Mediclinic used the proceeds of the rights issue to fund the Spire acquisition of R8.6bn from Remgro.
The balance of R1.4bn was retained by Mediclinic for the rights issue and advisor costs and to support future growth opportunities.
Remgro held 42% of Mediclinic at the time of the acquisition of Spire committed to follow all their rights and agreed to underwrite the balance of the proposed Mediclinic rights issue and increased its stake to 42.5%.
What does Remgro seek to achieve by buying up Mediclinic?
Remgro, like many other holding companies have been fighting a battle to close the valuation gap.
Remgro’s shares have traded at about a 35% discount to its intrinsic net asset value for years. As at 31 Dec 2021, the percentage discount to intrinsic net asset value was 35.2%.
Trading at a discount to the sum-of-the-parts is common for holding companies.
Trading at a discount to net asset value refers to a situation where shares of a company are trading at a price lower than the company’s net asset value per share. This means that the value of its assets is higher than the market value of the company itself.
When an entity trades at discount to its sum-of-the-parts, it means that if investors were to hold individual positions in the holding company’s underlying assets, they would be worth more than holding shares in parent that owns those assets.
What ‘complicates’ things with holding companies that have unlisted investments is the difficulty in valuing those unlisted investments (lack of proper disclosure). Valuing listed investments within holding companies is often easier than valuing unlisted investments.
For Remgro, the intrinsic net asset value is one of the measures used to assess shareholder value created. Investee companies, which represent operating segments, are valued and included in the intrinsic net asset value. Remgro further measures its performance in terms of the increase in its intrinsic net asset value. This measures the growth in the value of the various underlying investee companies, measured by listed market value or, in the case of unlisted investments, applying the principles of IFRS 13: Fair Value Measurement.
Remgro’s strategy includes unlocking value for its shareholders on top of narrowing the valuation gap between its share price and net asset value.

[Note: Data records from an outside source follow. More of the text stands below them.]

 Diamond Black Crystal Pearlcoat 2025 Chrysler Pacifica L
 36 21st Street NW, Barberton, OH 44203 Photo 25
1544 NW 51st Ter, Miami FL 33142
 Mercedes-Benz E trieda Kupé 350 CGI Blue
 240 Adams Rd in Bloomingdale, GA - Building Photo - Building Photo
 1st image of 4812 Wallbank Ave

Remgro’s ability to identify opportunities to unlock value for its shareholders at the right time is second to none on the JSE. Here’s an example of some value unlocks in recent years:
- During November 2008, Remgro unbundled its investment in BAT to its shareholders by way of an interim dividend in specie amounting to R55.2 billion. Following the BAT unbundling the Group’s remaining interests consisted mainly of investments in banking and financial services, printing and packaging, motor components, glass products, medical services, mining, petroleum products, food, wine and spirits and various other trade mark products. At 30 June 2021, the value of the unbundled BAT shares has increased to R115.4 billion.

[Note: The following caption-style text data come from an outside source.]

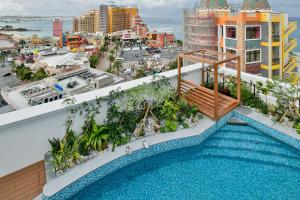 北谷町Lequ Okinawa Chatan Spa ＆ Resort的一座城市建筑屋顶上的游泳池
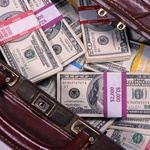 Благородный вор вернул сумку с 38 тысячами долларов владелице: «с меня криминала хватит»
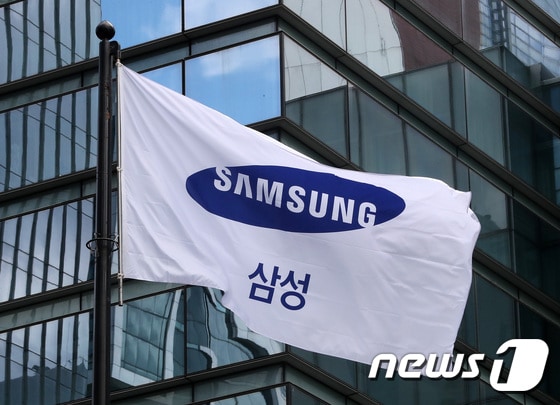 9일 서울 서초구 삼성전자 서초사옥에서 삼성 깃발이 바람에 펄럭이고 있다.  2021.8.9/뉴스1 © News1 박세연 기자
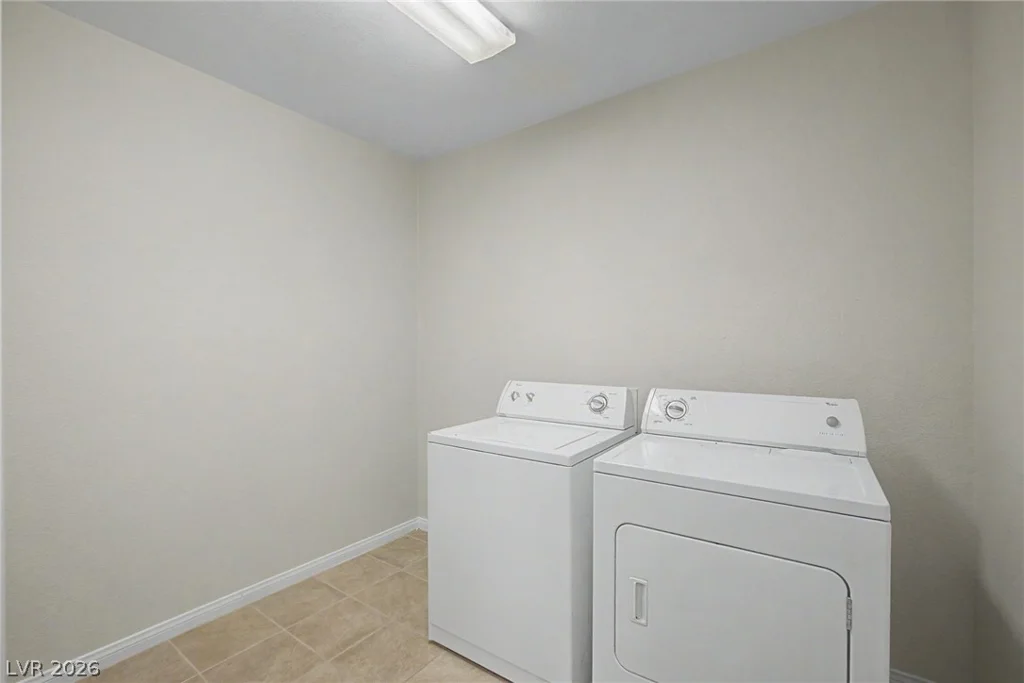 728 Blue Crystal Creek, Henderson, NV 89002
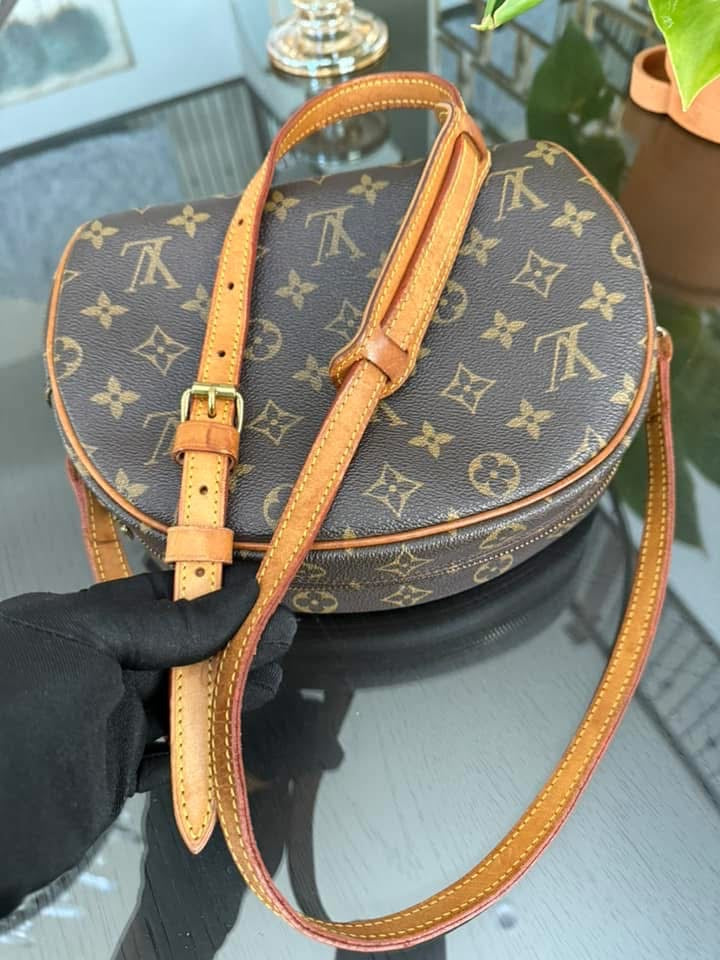 Blois Crossbody -๐๏ธ Year: 1999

- During June 2020, Remgro unbundled its 28.2% investment in RMB Holdings Limited to its shareholders by way of an interim dividend in specie amounting to R23.9 billion.
- During May 2021 Remgro sold 40 000 000 FirstRand Limited shares through an accelerated book build offering for a gross consideration of R2.040bn (or R51.00 per share). The transaction reduced Remgro’s interest in FirstRand to 3.3% from 40% in 2020. The FirstRand group has the following portfolio of integrated financial services businesses comprising FNB, RMB, Aldermore, MotoNovo, Ashburton Investments, Motovantage and FCC.

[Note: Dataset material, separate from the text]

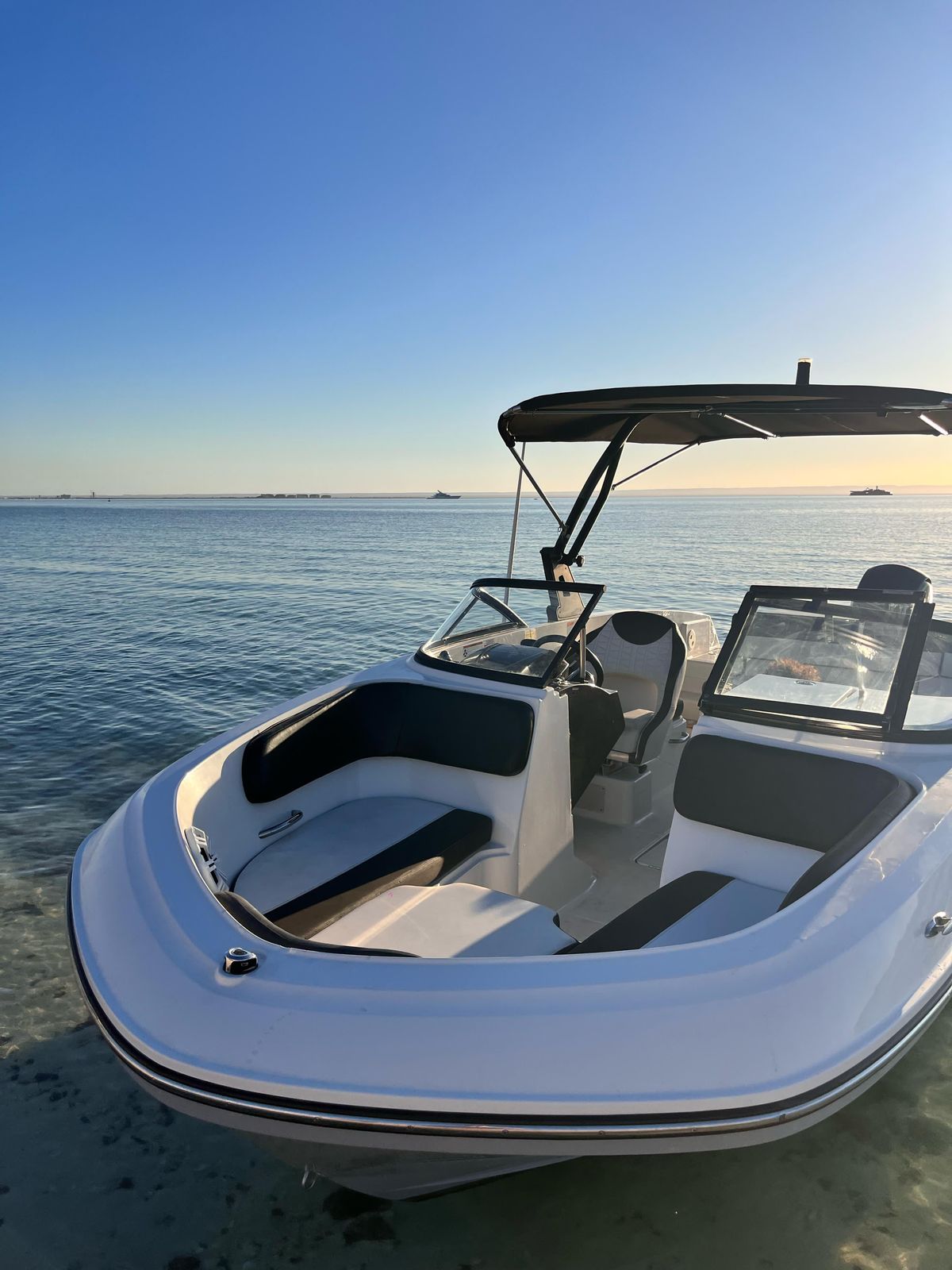 Bayliner 23ft renta de yates en La Paz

Remgro has also paid some handsome dividends over the years:
Is there any value that Remgro will extract from Medclinic?
The demand for healthcare services continues to grow more so with an ageing population. By 2030, the number of people aged over 65 will be more than 1 billion, or 13% of the total population
The global healthcare provider network management market was valued at $48bn in 2016 and is projected to reach $302bn by 2025, growing at a compound annual growth rate (‘CAGR’) of 23% from 2017 to 2025.